Lhomond made contributions in the field of education, being the author of several works on grammar, Roman history and religious history. His textbook from 1779, De viris illustribus urbis Romae a Romulo ad Augustum, was still used in the 20th century by French students learning Roman history and Latin.

Other works by Lhomond include:
- Élémens de la grammaire françoise (Basics of French Grammar, 1771)
- Élémens de la grammaire latine (Basics of Latin Grammar, 1779)
- Epitome historiæ sacræ (Summary of Sacred History, 1784)
- Histoire abrégée de l'Église (Abridged History of the Church)

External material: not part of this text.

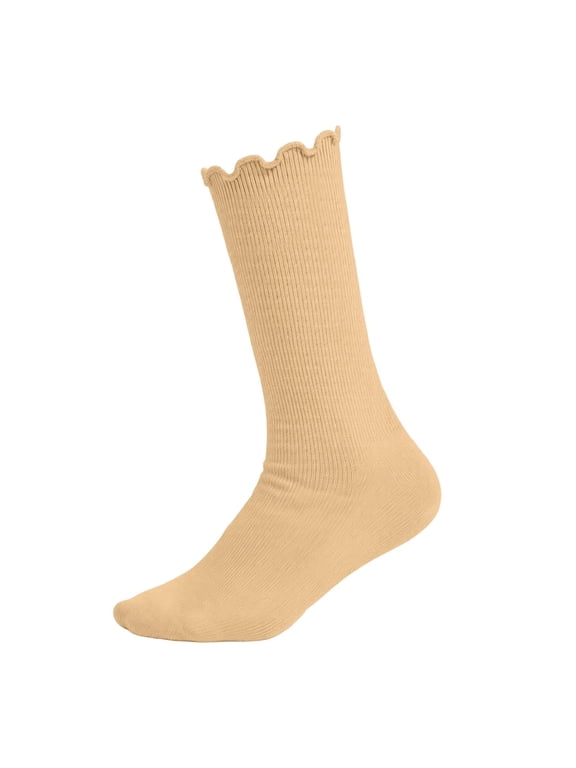 Kids Girls Ruffle Socks Cute Solid Color Mid Length Socks Base Layers Straight Stretchy Socks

- Histoire abrégée de la religion avant la venue de Jésus-Christ (Abridged History of Religion Prior to the Arrival of Jesus Christ)

In 1792 he was jailed for refusing to swear allegiance to the Civil Constitution of the Clergy, but was released shortly afterwards through intervention by Jean-Lambert Tallien (1767–1820), a former student of his at Collège du Cardinal-Lemoine. A statue of Lhomond by French sculptor Eugène-Louis Lequesne stands in his home town of Chaulnes.